"Flight" by Aliana Au (Ernest Mayer)
I find clothing such as the down-filled parka and sheepskin coat a reminder of the strength and will of the individual to exist. Clothing can hold an essence, a residual of the person that wore it. And for my work this provides a fertile ground to explore.
—Aliana Au, artist
The Buhler Gallery's current exhibition, The Spiritual from the Ordinary, explores how ordinary objects and events can take on deeper meaning. The show features works by two major Manitoba artists, Aliana Au and Steve Gouthro.
Au likes to use ordinary objects like clothing and chairs as her starting points. SCENE asked to take us behind one of her aerial works:
Viewers' questions that come up frequently include: how long does it take to complete the painting; why do the clothes seem to be in flight; or what are the checkered patterns doing in my work? The answers to these are uniquely individual.
A painter draws from life experience and the deep well of memories, core thoughts that are unwashed by time. In painting Flight, there is so much of myself that seeks a voice from the childhood memories of my time in Canton (Guangzhou) China, the closeness of family and storytelling, and the feeling of belonging.
I retained a strong sense of my father even though I never met him. Perhaps through my father's childhood clothing which I wore. This clothing became a strong remembrance of how I would have imagined him to be.

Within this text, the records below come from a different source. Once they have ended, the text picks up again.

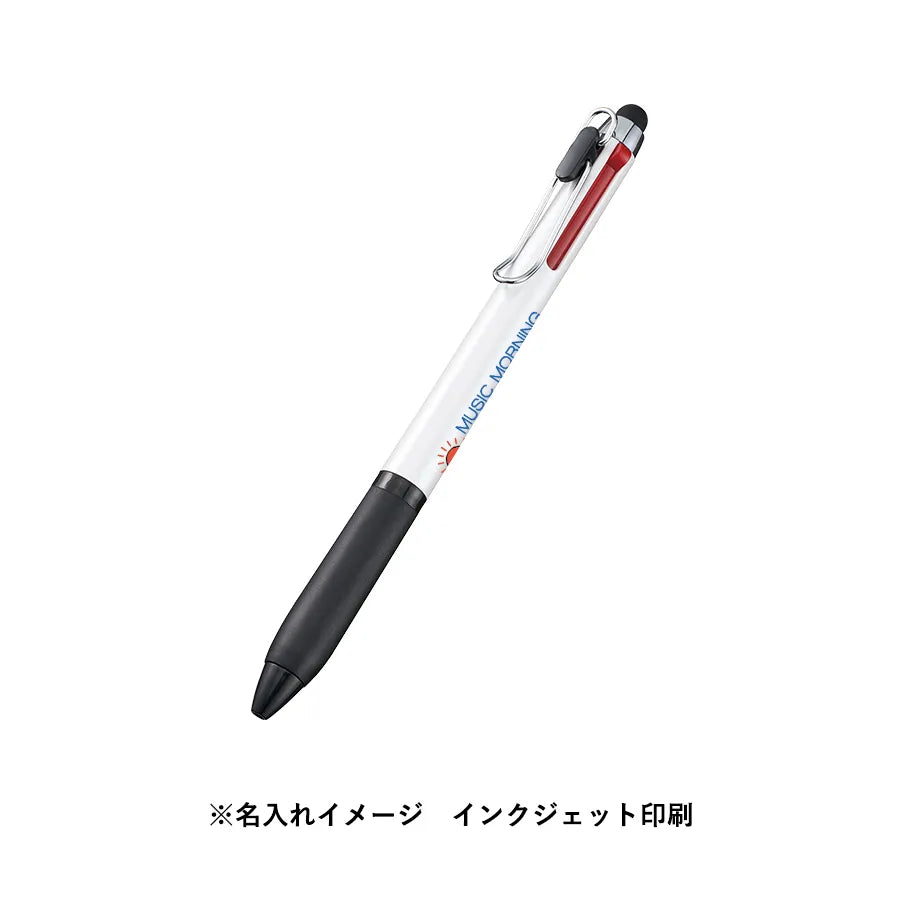 タッチペン付メタルクリップ3色ボールペン(再生ABS)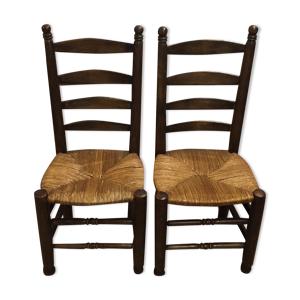 Série de 4 chaises paillées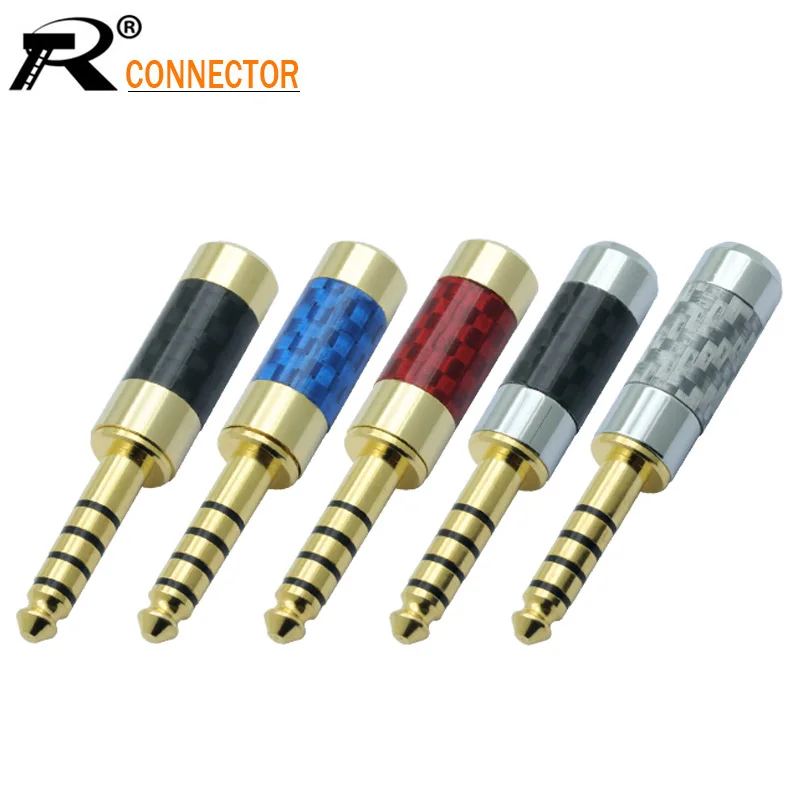 1 шт. Позолоченный разъем из углеродного волокна 4 мм 5 полюсный аудиоразъем
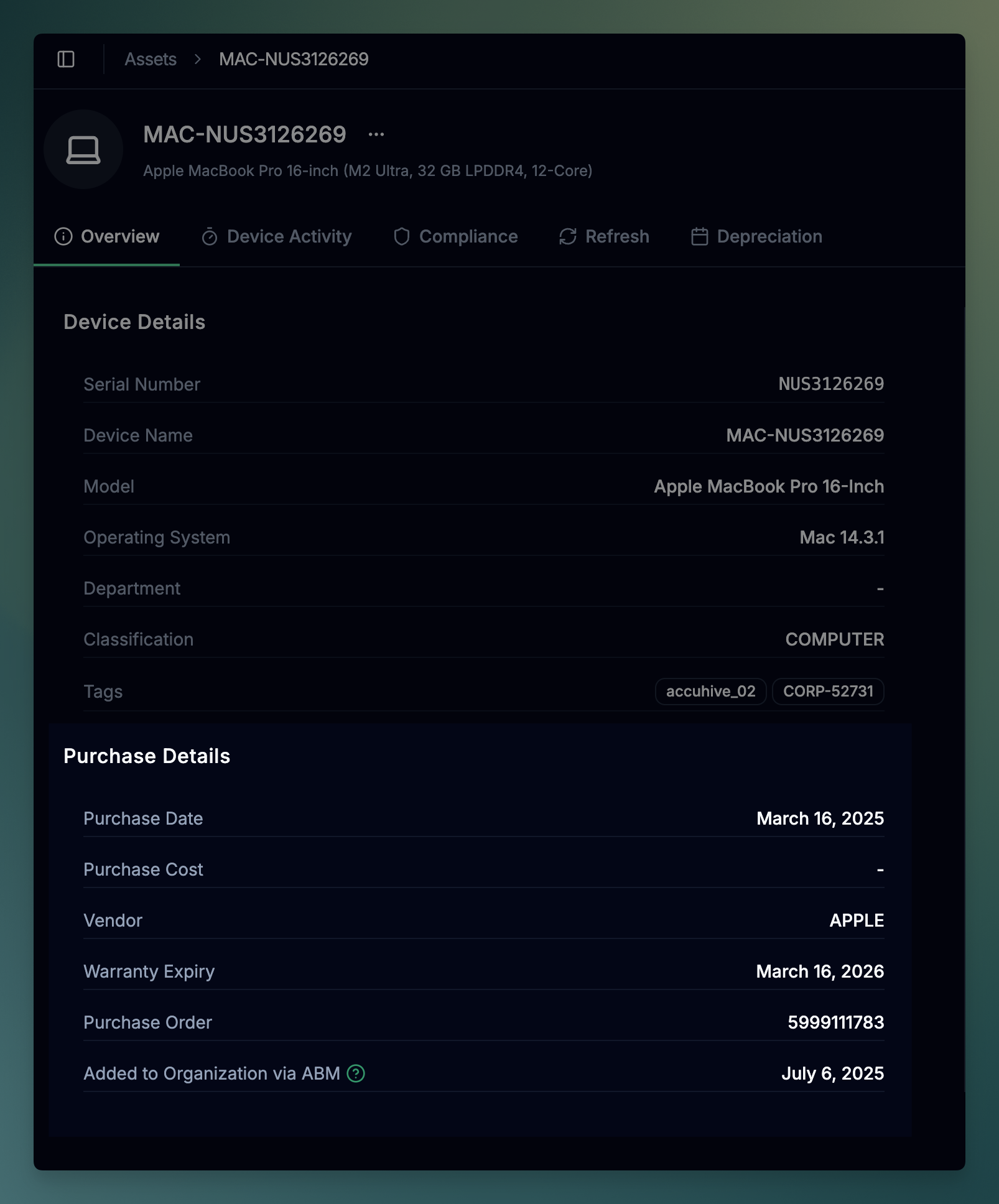 Apple Business Manager Purchase Details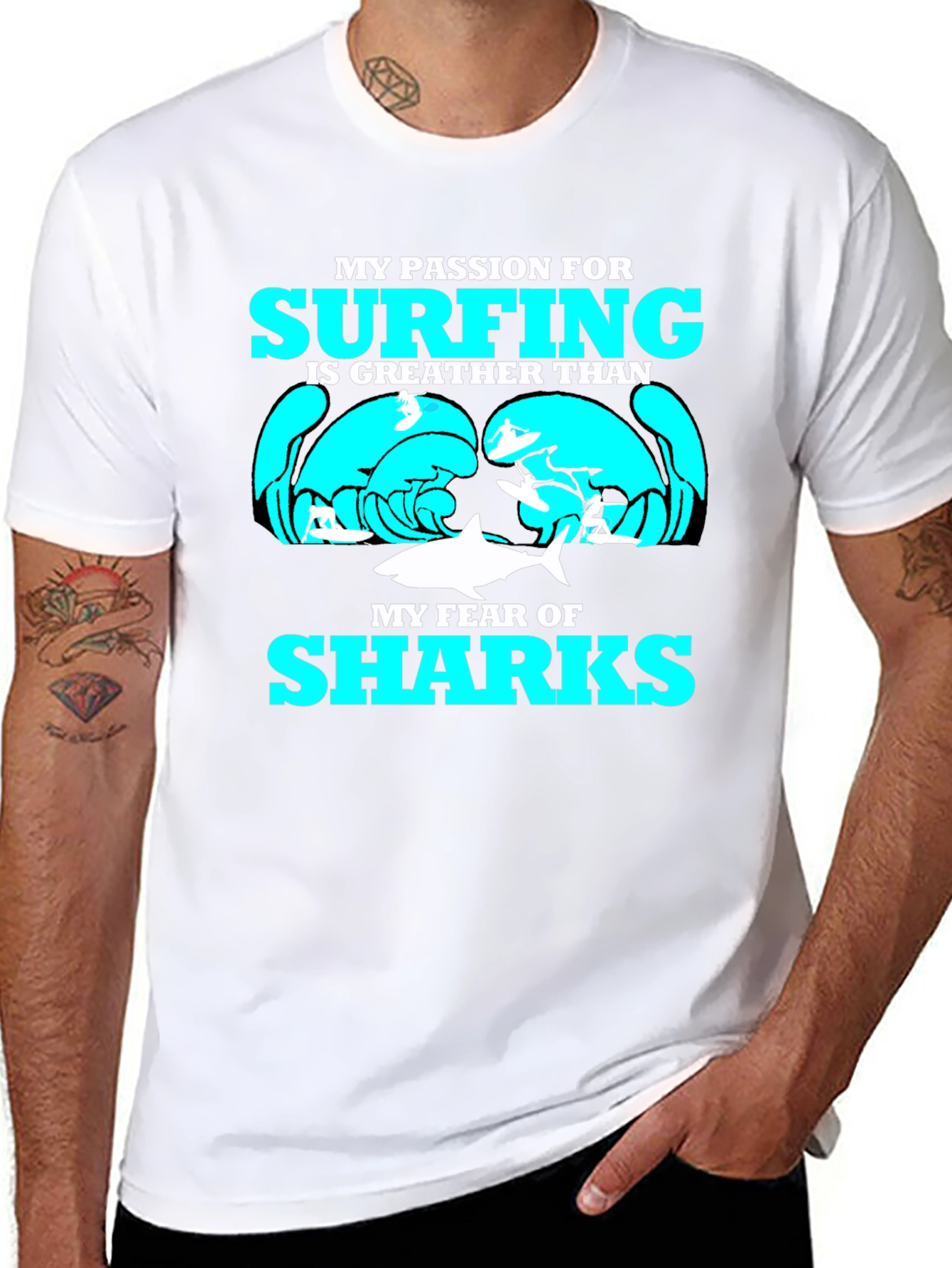 Surfing Passion Graphic Tee - Shark Humor T-Shirt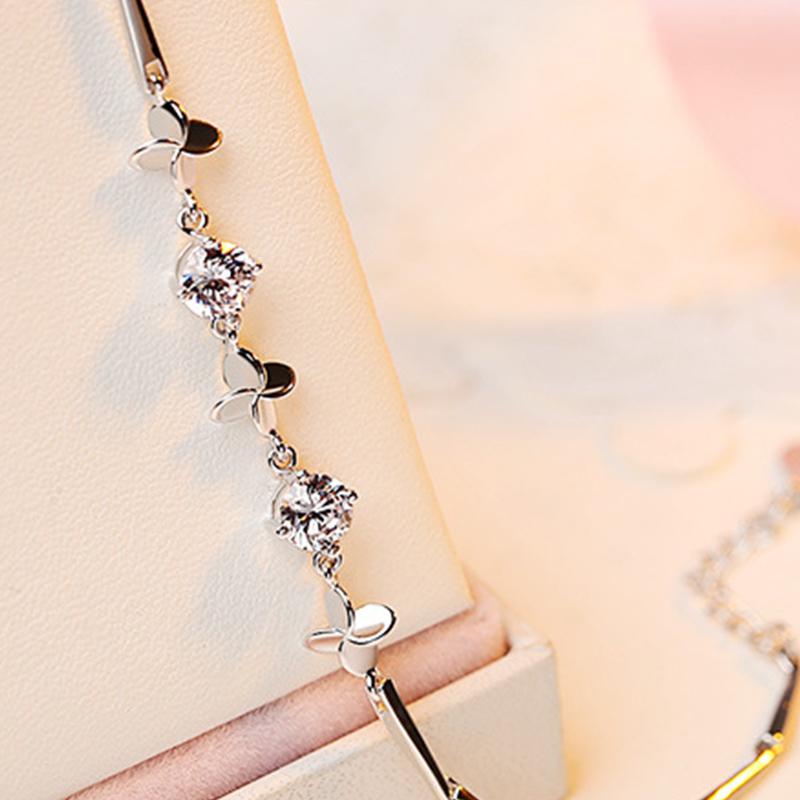 Ice Blue Crystal and S925 Silver Bracelet 3 Color Available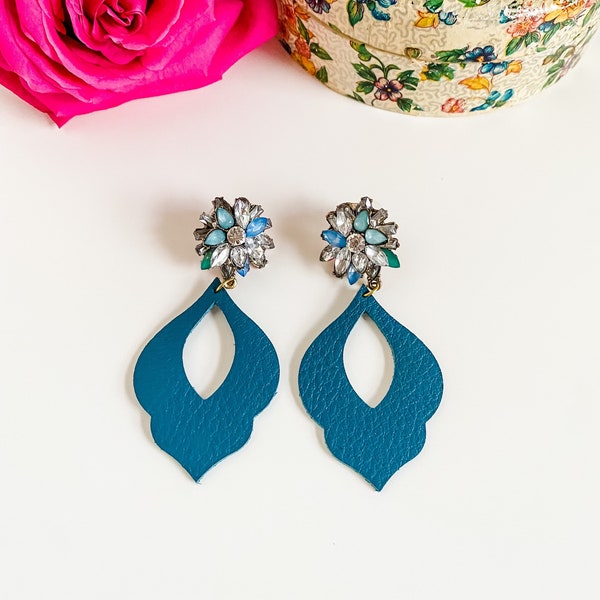 Leather Bridal Earrings Etsy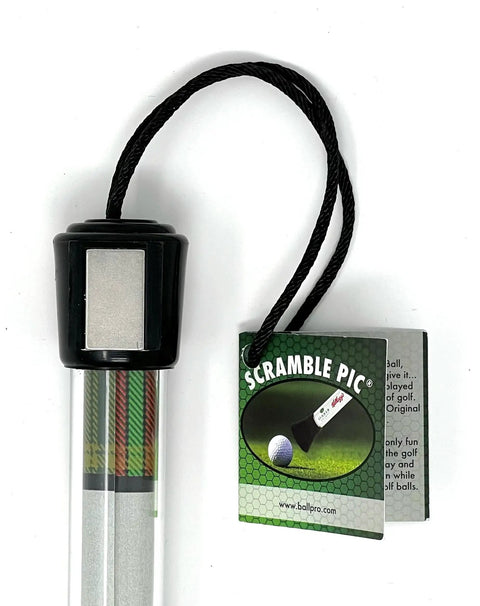 Scramble Pic Golf Ball Retriever With Suction Cup End And Magnetic Cart Fastener shown with package tag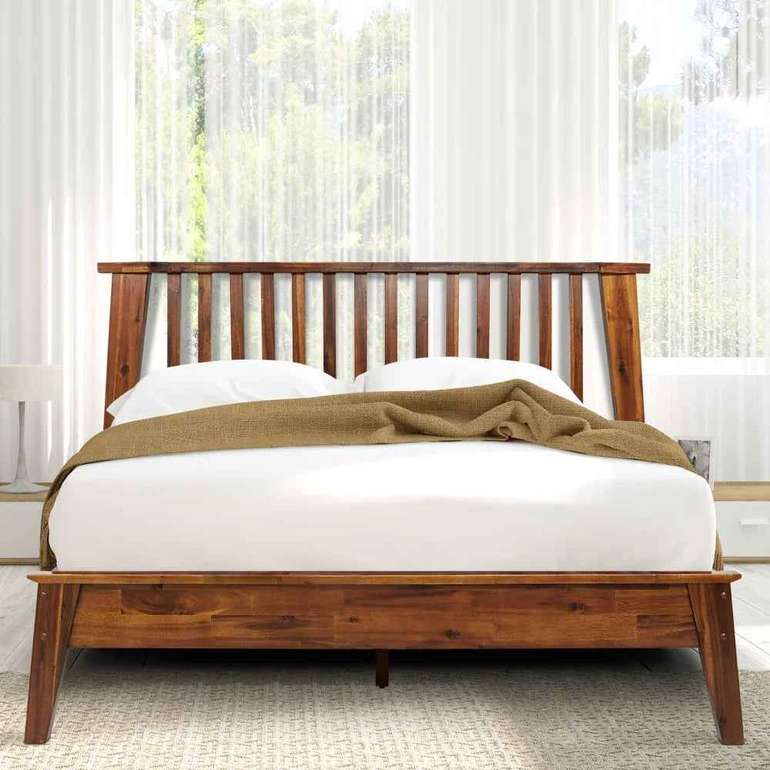 Acacia Kaylin Deluxe Wood Platform Bed Frame for Stylish Bedrooms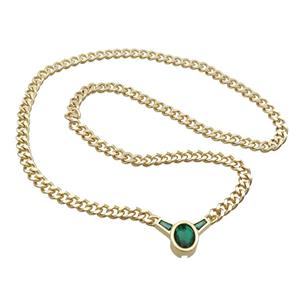 Copper Necklace Pave Green Crystal Glass Gold Plated, approx 18-25mm, 44cm length [FR11066]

Winter in Canada brings its own reality of hardship and isolation. I find clothing such as the down-filled parka and sheepskin coat a reminder of the strength and will of the individual to exist. Clothing can hold an essence, a residual of the person that wore it. And for my work this provides a fertile ground to explore.
The heavily insulated garments hold their forms extremely well, discarded clothes seem to retain the physical imprint and the life force of the wearer. Clothing seems to act out basic human relationships, with the inherent possibilities of emotions and memories. Clothing, being the essence of the spirit without the physical being, implies activities of the imagination. Imagination has its greatest freedom outside the confines of the body. These clothes float in mid-air, they are in flight.
The checkered patterns can be symbolic of the opposing emotions we experience: love and hatred, happiness and suffering, comfort and pain. It may resemble the chessboard on which one plays, or the canola and flax field in the Manitoba summer landscape. It is a mosaic of the different elements of life that reach out to me. Flight ultimately conveys a feeling of soaring and freedom.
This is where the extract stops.